Keith Myers, who is now a senior advisor at Optum – in addition to being the chairman and CEO Emeritus of LHC Group – strongly criticized the role conveners played in home health care delivery back in July of 2022.
LHC Group, where he was then CEO, was officially acquired by Optum in February 2022.
“I think we’ve done a lot more with managed care [because of our JVs with hospitals], and I have really good relationships with executives,” Myers said. “But I think our biggest problem are the conveners in the middle of all of this.”
For context, my reporting on conveners at HHCN has garnered more reaction from home health executives than almost any other topic over the last four years.
They, too, see conveners as utilization suppressors, but also believe they skim money off the top of each episode, which brings MA rates for home health services down even further.
Amedisys Inc. (Nasdaq: AMED) Chairman Paul Kusserow is now in almost the exact same situation as Myers was when he made those comments about conveners.
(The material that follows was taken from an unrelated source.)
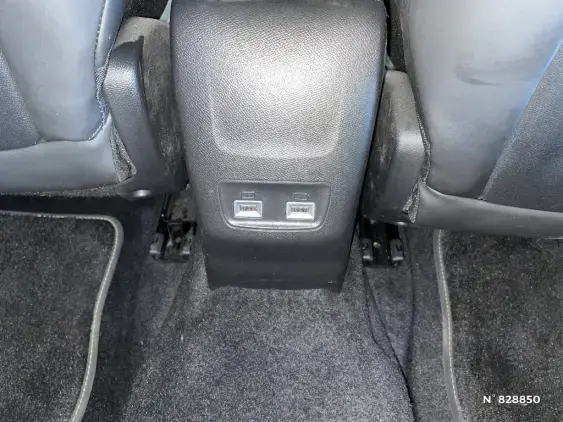 PEUGEOT 208 ELECTRIQUE II - voiture d'occasion - Photo 28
He’s moved from the CEO seat to chairman, and his company is also under the process of being acquired by Optum.
Whether or not the lawsuit could intensify the ongoing scrutiny over that deal is yet to be seen.
But Kusserow also detailed to me, albeit in January, the problem with conveners in this day and age.
“Conveners are, fundamentally, very classic delegated risk,” he said. “You give everything over to these people, you give them 85 cents on the dollar. And their job is to go manage that.”
His following point, though, is what stood out to me.
“The conveners continue to push on very difficult pricing and managing visits where they don’t really have the knowledge of producing the best outcomes,” Kusserow said.
In essence, that’s what this lawsuit alleges, but in a different area of care. It could be a step toward doing away with conveners as we currently know them, which would elate home health providers.
It also could mean more litigation in the future against conveners and their parent companies for how they’ve managed care, whether in home health care or otherwise.